Why business-friendly Georgia got tough on environmental regulation

|
John Bazemore/AP
The Becton, Dickinson and Co. medical sterilization facility in Covington, Georgia, one of the area's largest employers, was temporarily shut down by the state because the facility was leaking a gas that studies have linked to an increased risk of cancer.
  • Quick Read
  • Deep Read ( 5 Min. )

The company said its toxic gas emissions were within legal limits – and the state took its word. Then, citizens got involved and started testing the air themselves, prompting the city to do the same. That's when Georgia officials moved to shutter the medical sterilization plant for a week.

In some ways, the decision runs headlong against a deregulatory mood in Washington, where the Environmental Protection Agency has spent the past three years rolling back pollution controls in the name of business-friendly deregulation. Yet the situation has highlighted a countercurrent. The same values that led many voters here to support President Donald Trump – suspicion of an elite government, a nostalgia for the past – is merging with the dynamics of an American Deep South grown increasingly wealthy, politically diverse, and sensitive to environmental dangers.

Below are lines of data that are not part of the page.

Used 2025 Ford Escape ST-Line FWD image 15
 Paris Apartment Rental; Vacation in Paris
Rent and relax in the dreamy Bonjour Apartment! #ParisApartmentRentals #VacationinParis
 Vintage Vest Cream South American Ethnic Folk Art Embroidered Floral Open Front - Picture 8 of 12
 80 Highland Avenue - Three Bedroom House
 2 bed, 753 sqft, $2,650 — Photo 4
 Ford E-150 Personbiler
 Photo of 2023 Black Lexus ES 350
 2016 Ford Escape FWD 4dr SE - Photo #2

The government's muscular response suggests, to some, a recognition not just of potential voter backlash, but ethical duty. “We are now detecting a little bit of shift in that attitude ... that they [are now] actually going to do something to protect Georgians,” says one activist. “At least I have not felt hopeless about it.”

Why We Wrote This

Should public health be weighed against support for jobs and businesses? In Covington, Georgia, the choice was made clear with mounting evidence of toxic emissions by one medical tech plant.

The U.S. Environmental Protection Agency had known for a year that Covington, Georgia, had become a hotbed for a toxic gas by the time Mayor Ronnie Johnston and the city council hired a company to test the air.

The delay wasn’t foot dragging on the city’s part. But it was residents, alerted by a WebMD article, who found “strange hot spots” using their own sensors which suggested ethylene oxide (EtO) was escaping from a medical sterilizing plant that used the gas.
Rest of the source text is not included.